I learned this when I was at uni, the existence of

transcendental numbers.

And the name was a selling point.

Because I was like, transcendental.

You know, it's a time when you're really interested in,

like, out of body experiences and whatnot.

But the idea that mathematicians gave this name

to numbers, numbers, these are numbers that

you're familiar with.

Like pi, you can write down as a decimal expansion.

You'll never get it right, but it's just a number that you're

familiar with.

Has this property that we just didn't know about.

OK, we're going to play a game, and we're going to try

and understand transcendental numbers with this game.
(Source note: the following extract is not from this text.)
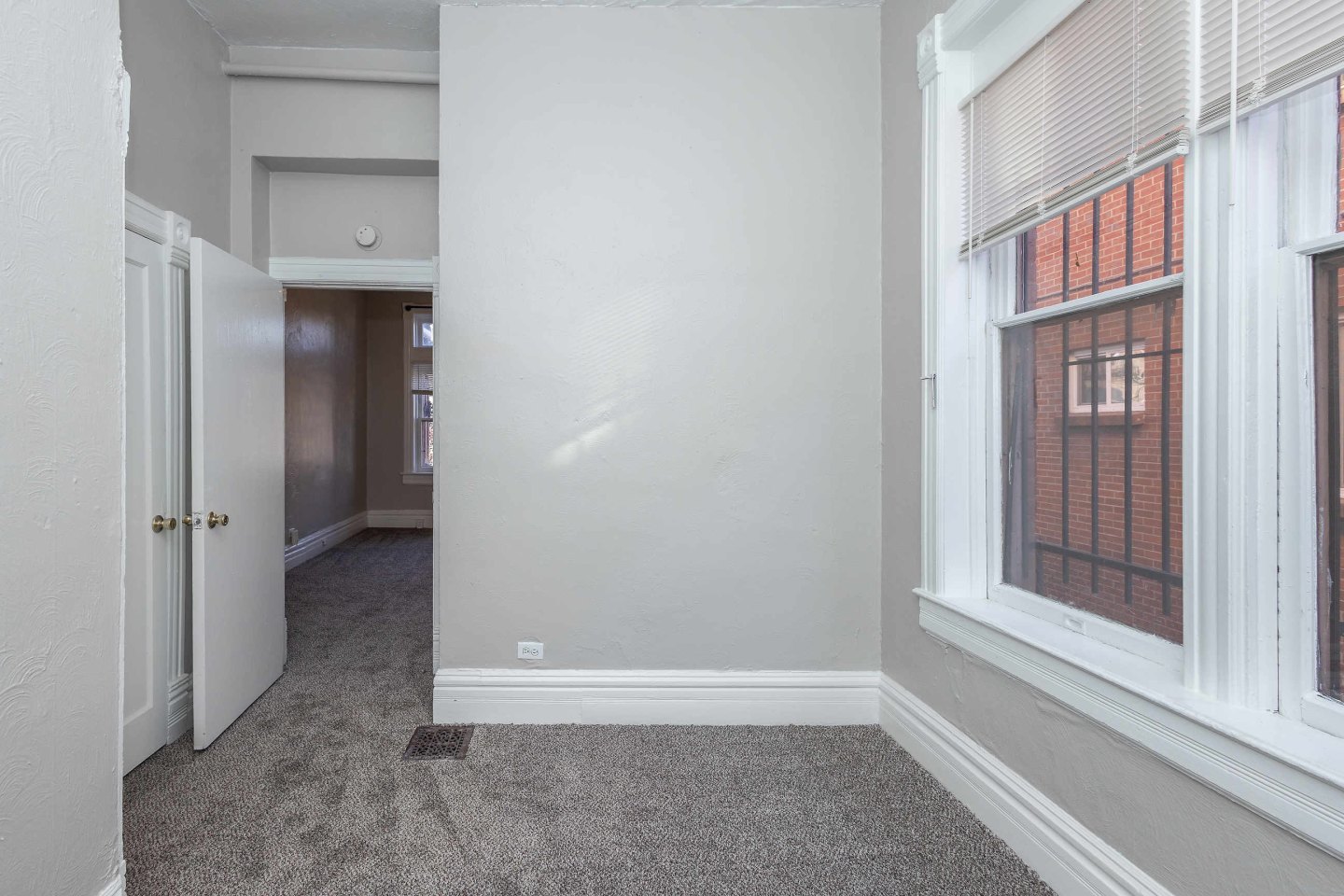 1325 Corona Image 15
The game is reducing down numbers to 0.

That's what you want to do.

So the rules are you can only use whole numbers to do it,

and you can add, take, multiply, and put the whole

thing to any power you like, but it has to be a whole

number power.

OK, so let's play the game.

OK, so do you have a favorite number?

BRADY HARAN: Well, I like the number 10.

SIMON PAMPENA: 10?

BRADY HARAN: Yeah, but that seems like quite an easy one.

SIMON PAMPENA: Sure.

That's fine.

You mean 10 in base 10?

BRADY HARAN: 10 in base 10.

SIMON PAMPENA: Yeah, OK.

So 10 in base 10.

OK, here we go.

Let's start the game.

So we want to get this down to 0, so the first thing we could

do is multiply it by 0.

But that you can do with any number, because any number

times 0 is--

BRADY HARAN: 0.

SIMON PAMPENA: Bingo.

You can do that, but that's not very interesting.

But what is interesting is that if we try and use these

rules, we can go, OK, what happens if I take

away 10 from this?

We're done.

So there you go.

So that sounds kind of trivial, but it's a really

good start.

So we used a whole number, and we used the take.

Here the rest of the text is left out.